# What the task requires:
Leave the pictures out, and repeat exactly each line from the one that holds "我捡起了一地属性韩漫全集-86回-全面通缉无删减无遮挡章节图片" through the final line of the entries below.

*** Opening of Information given ***

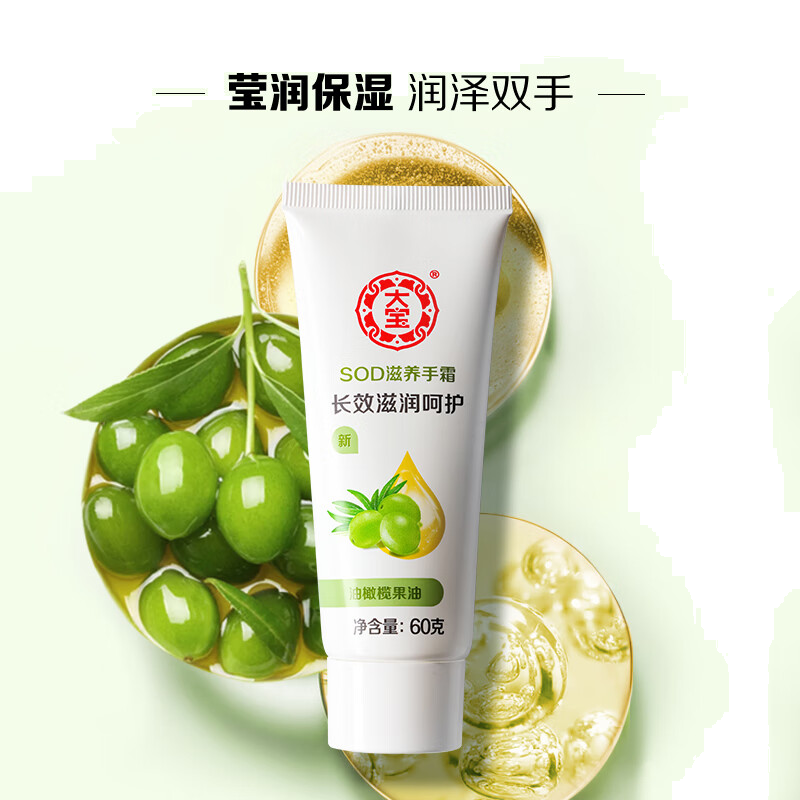 大宝SOD倍润护手霜60g滋润补水保湿手霜不油腻防干裂护肤品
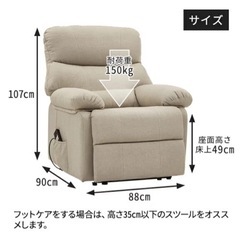 美品！電動リクライニングソファ　施術ソファの画像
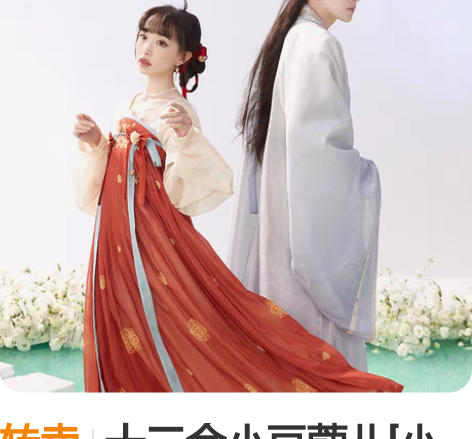 转卖十三余小豆蔻儿[小铃铛见君-阿巳与小铃...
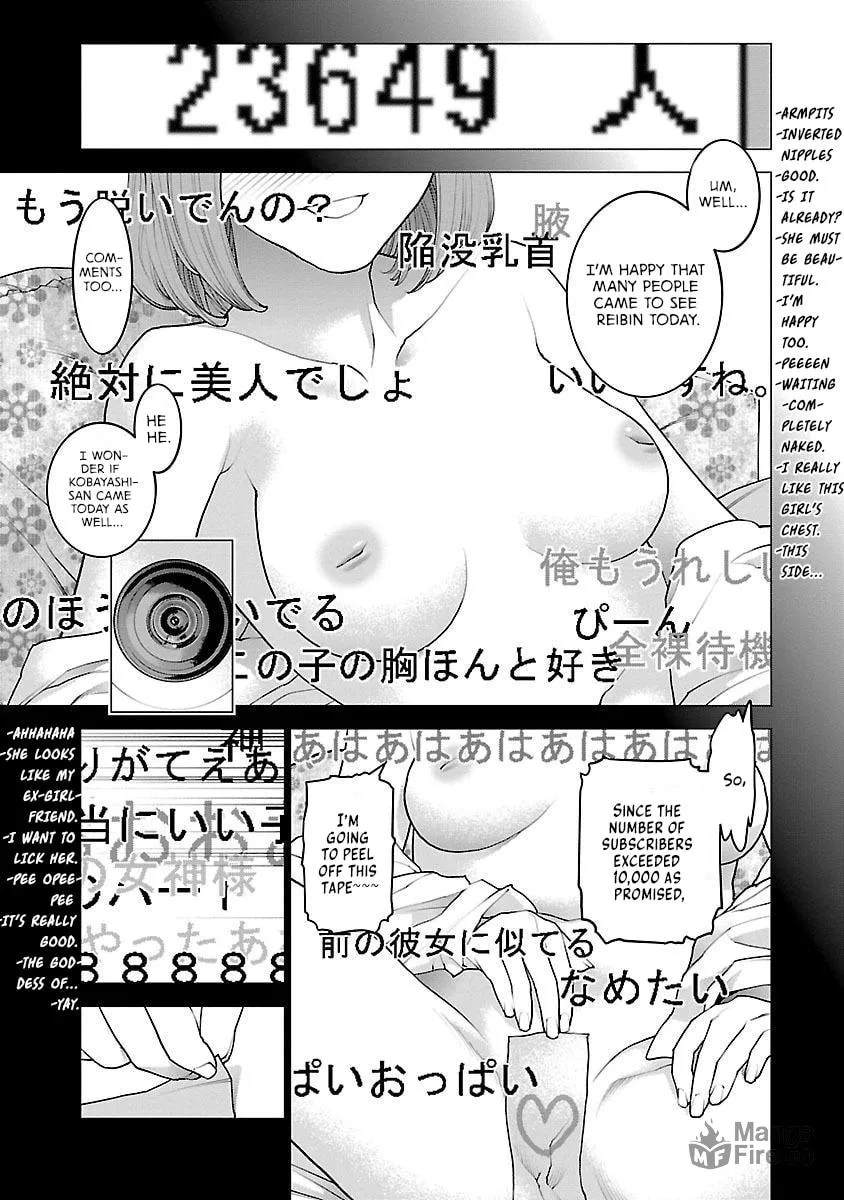 Seishokuki Chapter 86 page 20 - 
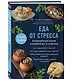 Еда от стресса. Кулинарная книга в вопросах и ответах - фото 3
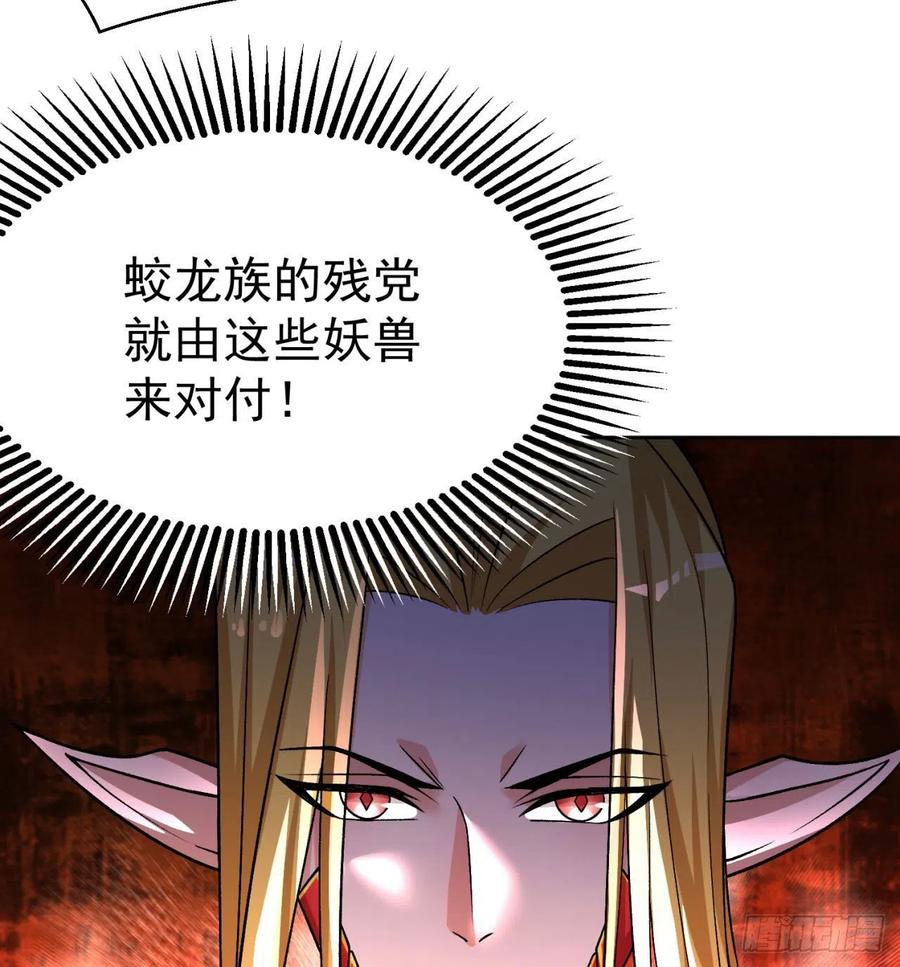 我捡起了一地属性韩漫全集-86回-全面通缉无删减无遮挡章节图片 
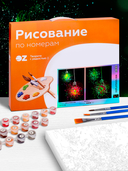 Картина по номерам c люминесцентной краской 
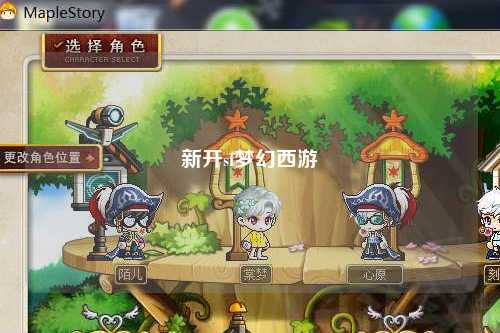 新開(kāi)sf夢(mèng)幻西游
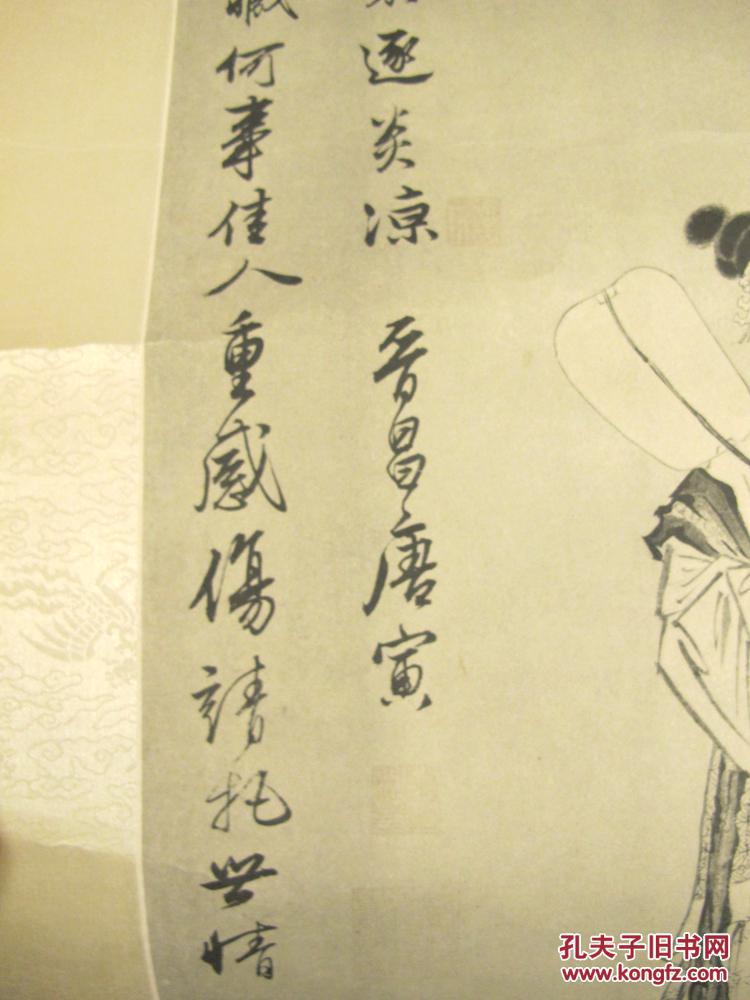 珂罗版影印(明)唐寅(伯虎)仕女图 秋来纨扇合收藏,何事佳人重感伤?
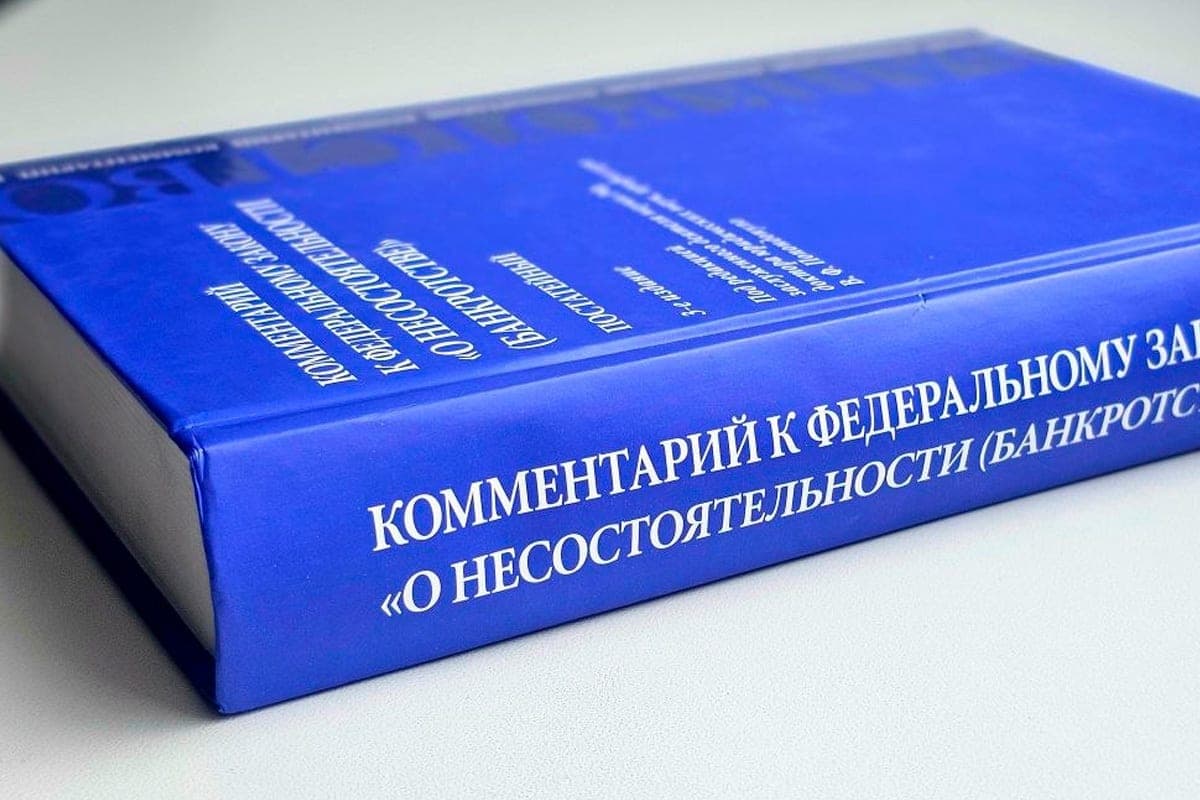 Lipetsk arbitration has appointed a hearing on the case of possible bankruptcy of the company “SU-48”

*** Close of Information given ***

# Result:
 我捡起了一地属性韩漫全集-86回-全面通缉无删减无遮挡章节图片 
 Картина по номерам c люминесцентной краской 
 新開(kāi)sf夢(mèng)幻西游
 珂罗版影印(明)唐寅(伯虎)仕女图 秋来纨扇合收藏,何事佳人重感伤?
 Lipetsk arbitration has appointed a hearing on the case of possible bankruptcy of the company “SU-48”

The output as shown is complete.